RUU TNI Jadi Sorotan: Respons Warganet dan Aktor Perfilman!

Rancangan Undang-Undang (RUU) TNI kembali mencuri perhatian publik setelah ramai dibicarakan di media sosial. Tagar “TolakRUUTNI” menjadi salah satu trending topic di platform X, mencerminkan penolakan yang luas terhadap RUU tersebut. RUU ini dinilai akan menghidupkan kembali konsep dwifungsi TNI, yang selama ini menjadi salah satu isu kontroversial dalam lingkup kebijakan pertahanan dan keamanan negara.

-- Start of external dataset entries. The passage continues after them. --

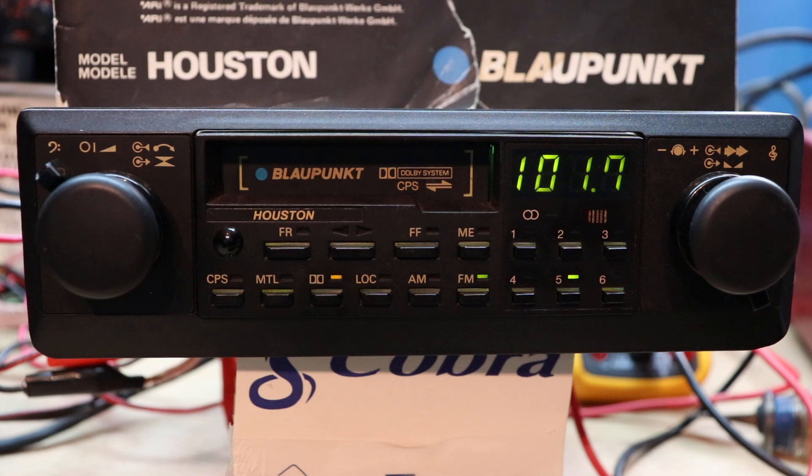Cool guys, I've gone on long enough. If you have any questions or comments please leave them down below. Do you still own one of these? What was your experience with the Houston? Please don't forget to subscribe. Breaker Broke 23, over and out.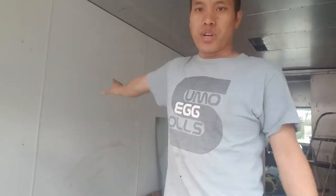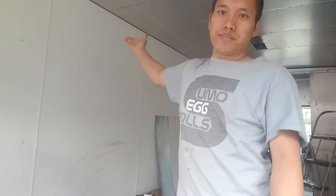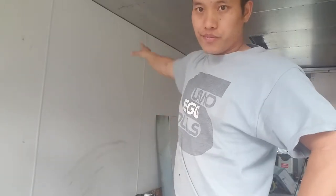Today we're going to put a stainless steel wall panel right behind here. That's where we're going to put the fryer and the stove, and it's going to go right there.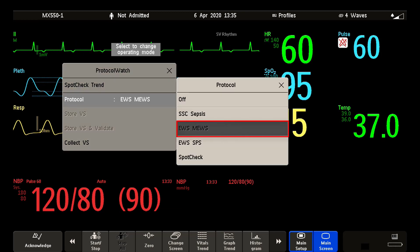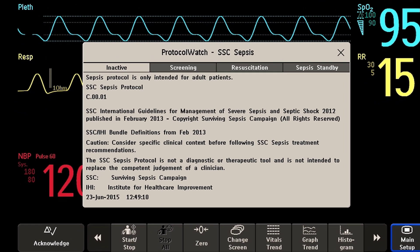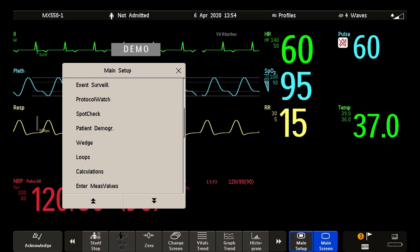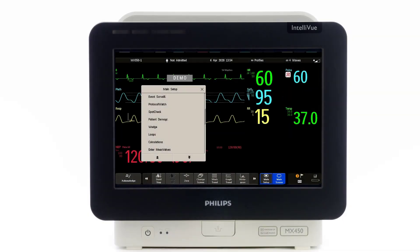Your Intelliview patient monitor may also be equipped with the SSC sepsis protocol in the Protocol Watch application. This application is a screening and guiding treatment tool following the guidelines from the Surviving Sepsis Campaign to monitor your patient for septic shock. You can also enable event surveillance monitoring to trigger a notification and record significant episodes in your patient's condition. Note that the early warning score, the SSC sepsis protocol and event surveillance are pre-installed features which require optimization to your hospital's policy before you can start using them.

Salah satu pasal yang menjadi sorotan adalah Pasal 47 ayat (1) dan (2) yang mengatur jabatan sipil bagi prajurit aktif TNI. Dalam ayat (1), dinyatakan bahwa pra­jurit aktif dapat menduduki jabatan di kantor yang berkaitan dengan bidang politik dan keamanan negara, termasuk di lembaga-lembaga seperti Sekretariat Militer Presiden, Intelijen Negara, dan Kejaksaan Republik Indonesia. Sedangkan ayat (2) menyebutkan bahwa prajurit TNI dapat menduduki jabatan sipil lainnya setelah mengundurkan diri atau pensiun dari dinas aktif. Hal ini diharapkan tidak hanya menimbulkan kontroversi, namun juga membuka diskusi tentang peran TNI di lembaga sipil.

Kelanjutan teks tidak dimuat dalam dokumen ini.